Absolutely - and I would wager that BT will not be alone in this - when I hosted a session on the topic, we came to a similar conclusion: http://technologygarden.wordpress.com/2007/03/28/what-characterises-a-service/

Interesting as well that you talk about the re-emergence of business analysts. Agreed this would be a good thing, but perhaps they will need a broader skills portfolio than in the past, or at least have already adopted the services perspective.

Thanks, Jon

P.S. Good to meet you briefly at the mobility summit

Hi Jon

good to reconnect, and the agreement on this being the challenge seems to be common. Sadly we are all still struggling for the same concensus on what to do to solve this. Interesting extension on this Blog with some good challenges at http://www.redmonk.com/jgovernor/2007/07/05/on-soa-at-bt-confused-by-andy-mulholland/

Designers of the factory for the future have long known that SOA is not a new concept, and more importantly the SOA is a business process issue. For example, standardization of business processes across an enterprise has been the hallmark of Toyota Adaptive Ecosystem and Wal-Mart Adaptive Value Systems. So, we are in agreement with BT that SOA is a business process issue. Thus, the emphasis should be on skilled business analysts.

Hi Andy,
Regarding your observation: ” there were a lot of people around performing the role of Business Analysts. These are just the people we are looking for to help in this challenge, it’s just when I look around now they don’t seem to be around any more." I wish to assure you they are still available. However, consultants must express themselves in terms of the value position the client holds; otherwise they are just a cost. While I consider myself a Business Analyst in a company of Business Analysts, customers frequently see me in terns of contacts, OSS architecture skills, or IT experience. Unless a customer asks for xxx, they shall not find.

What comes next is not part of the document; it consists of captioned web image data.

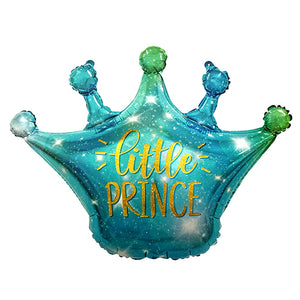 Little Prince Crown Foil balloon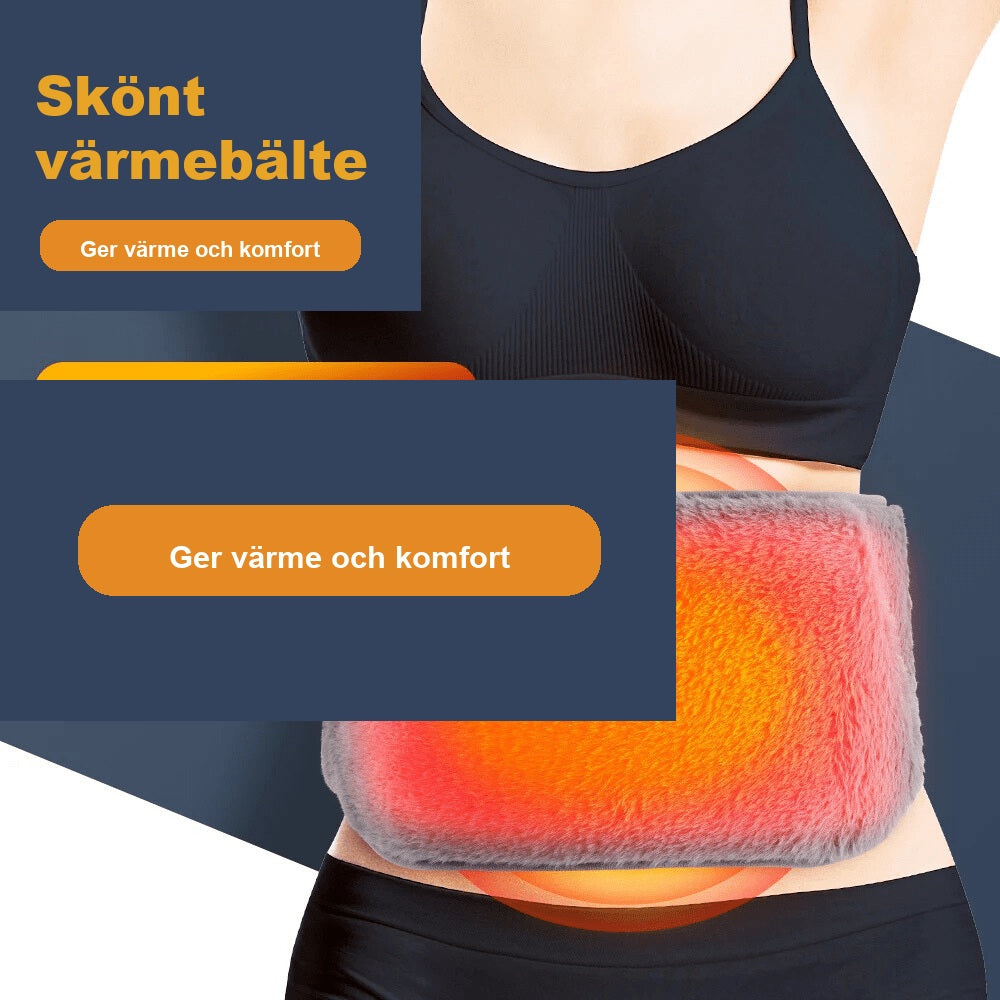 ComfyBelt™ - elektriskt värmebälte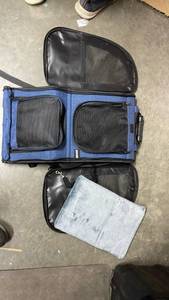 lot 10029 image: Travel Luggage for cat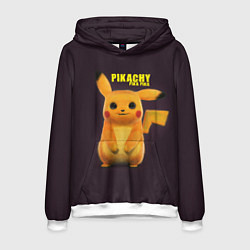 Мужская толстовка Pikachu Pika Pika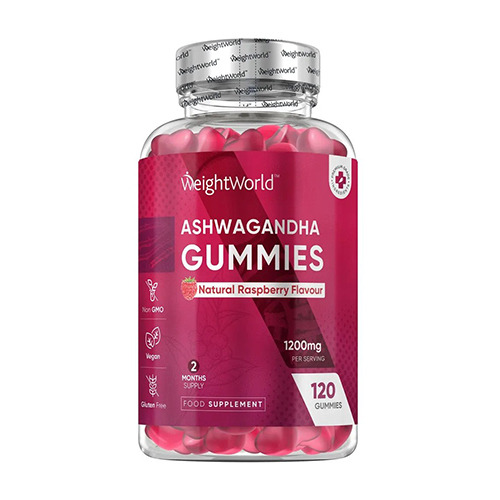Ashwagandha 1200 mg, 120 gomas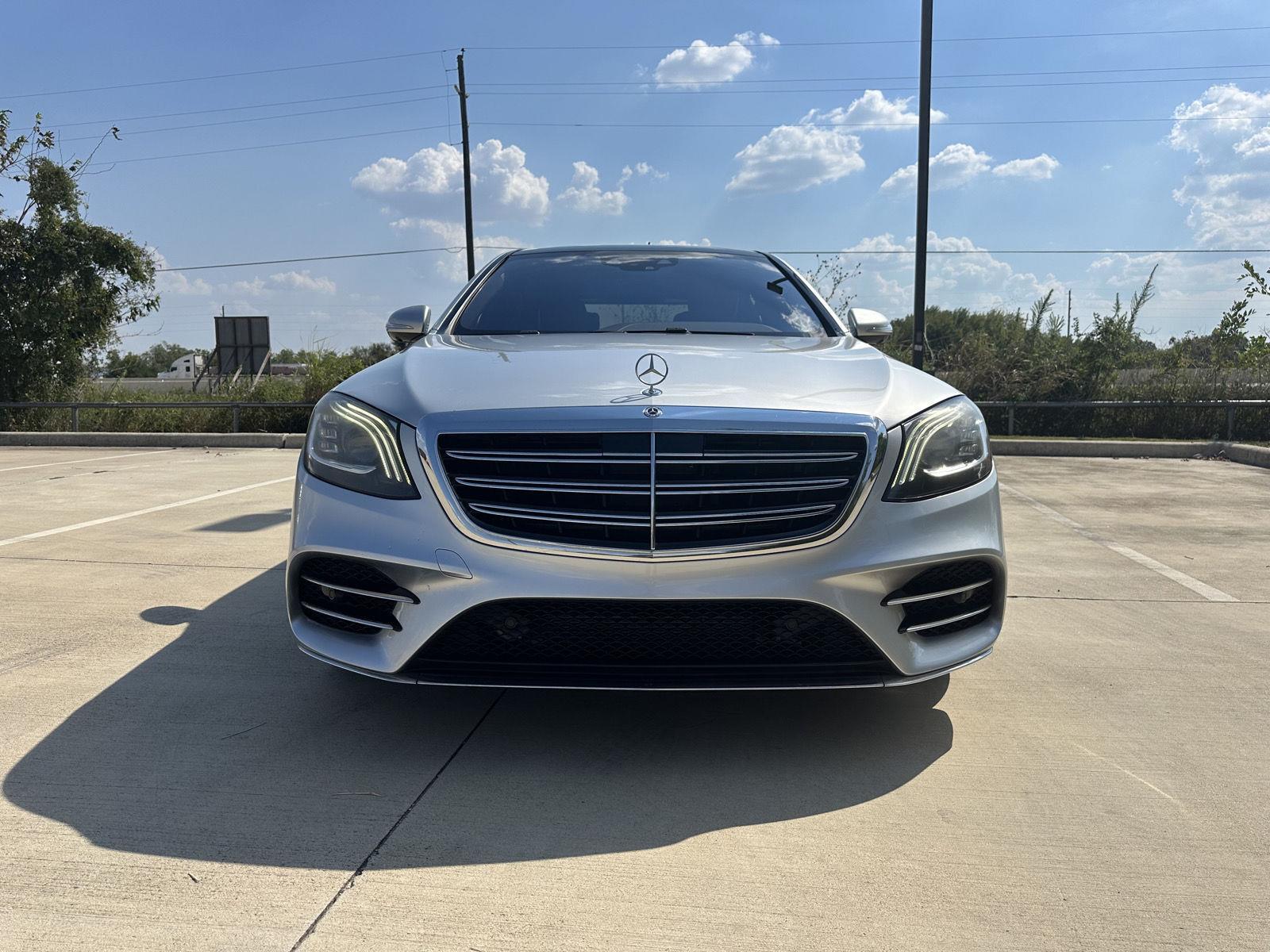 2018 Mercedes Benz S 560 photo 2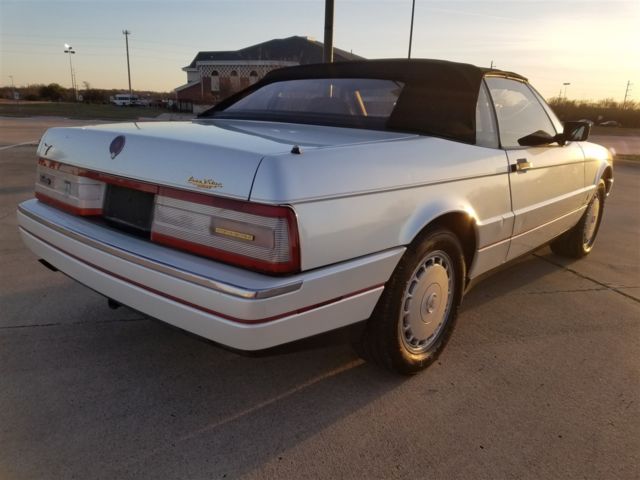 1990 Cadillac Allante Convertible - photo 12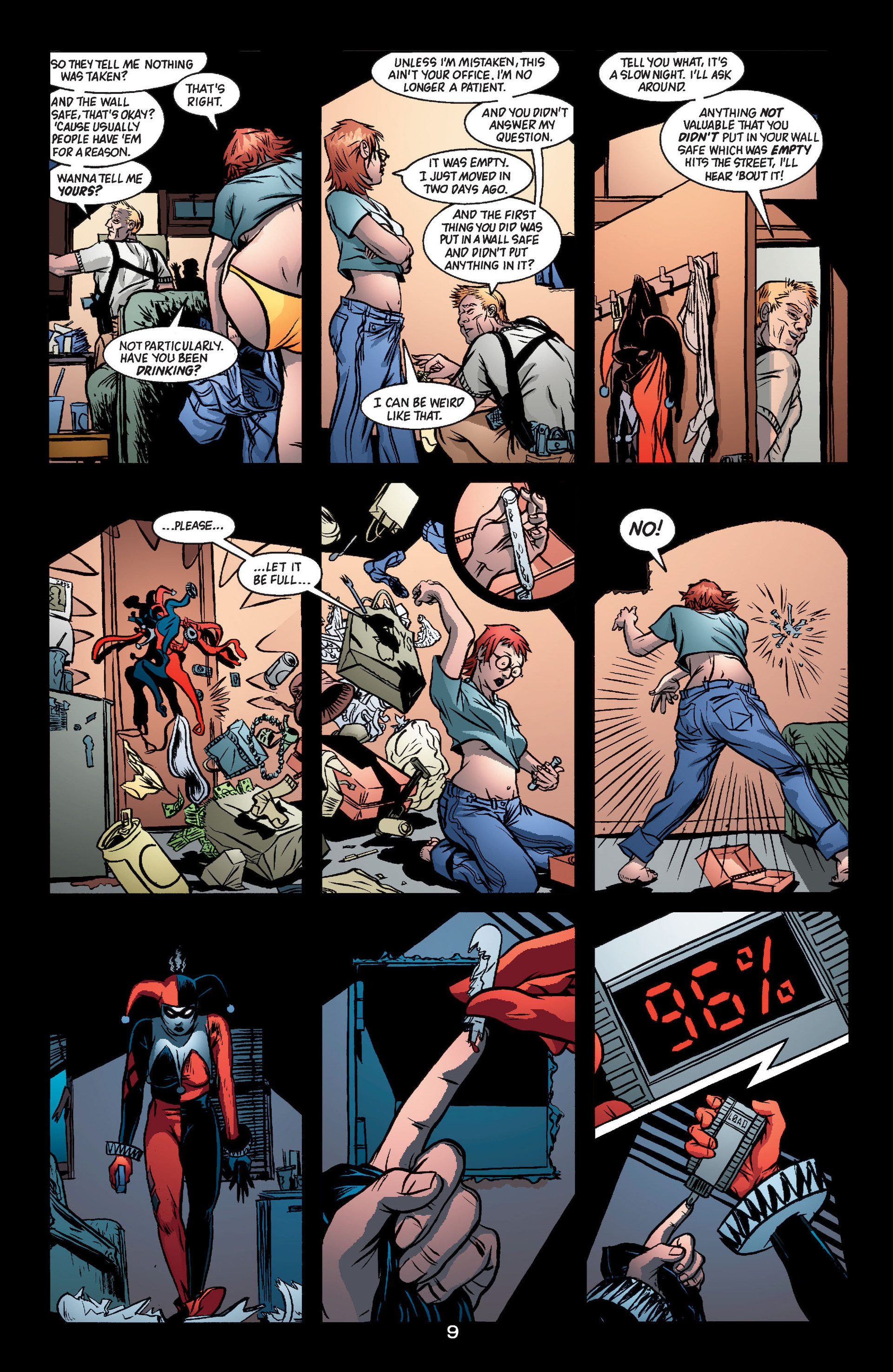 Harley Quinn (2000) Issue #31 #31 - English 10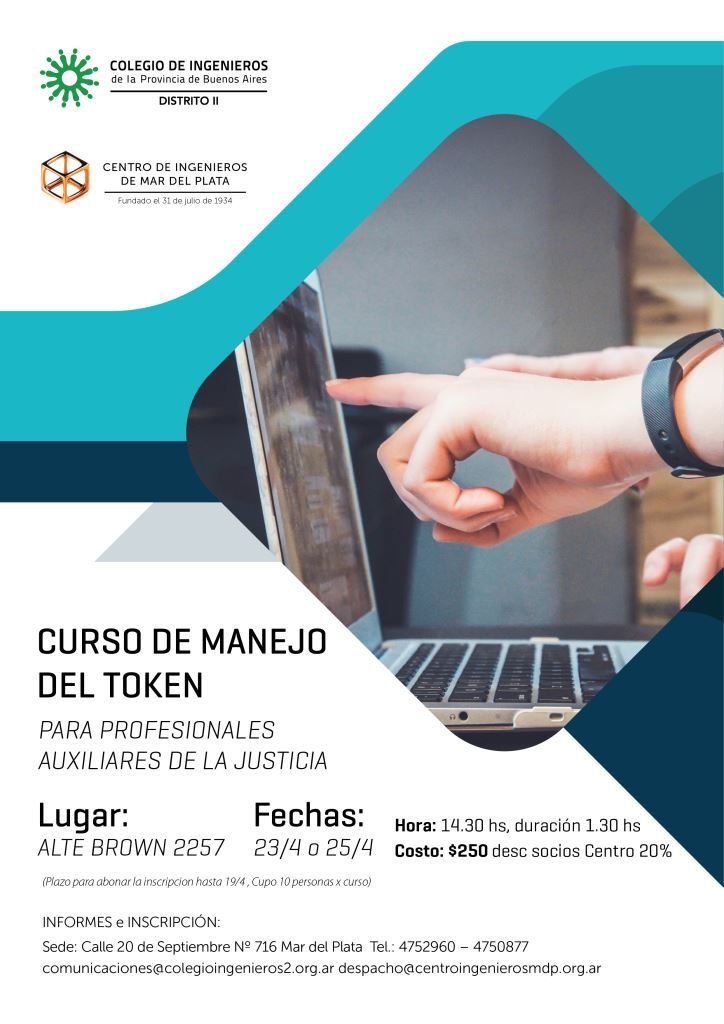 2019 04 08 Curso Token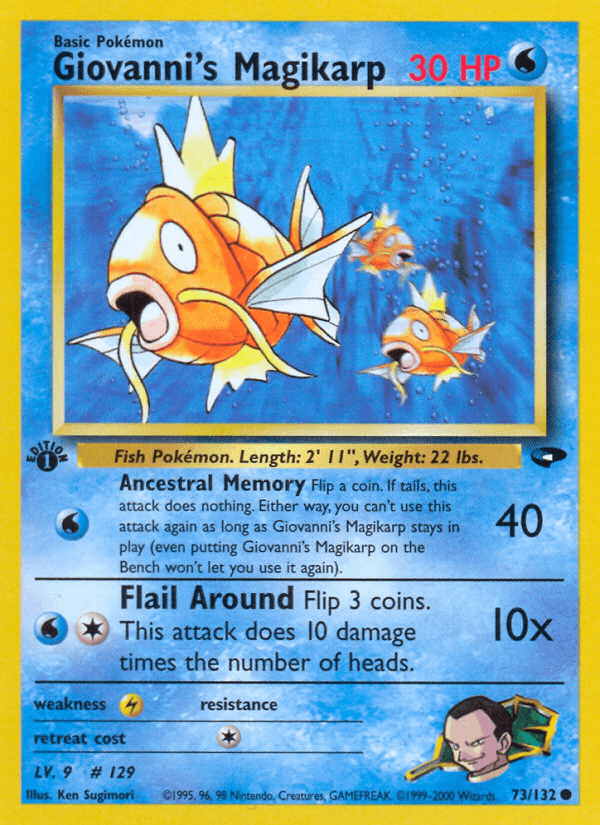 Giovanni's Magikarp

But this points to an unintended consequence; if a skill is not valued and paid for, it becomes marginalized. I am greatly concerned that the experience we built with developers and architects who understood autonomic communications on the FineGrain NGOSS project at the start of the century has been scattered to the wind. Will the ability to build robust, self-healing, self-configuring systems be lost like the industrial skill for building big rocket boosters was lost when the moon program was shut down in the USA?
- Wedge Greene

Just come back from a meeting of the Open Group and it would seem that we have a new title and possibly new competancy called 'Business Architect.

i say possibly because the discussions were divided if this really was new in content or just in title!

so maybe the people are still around, just got a new title !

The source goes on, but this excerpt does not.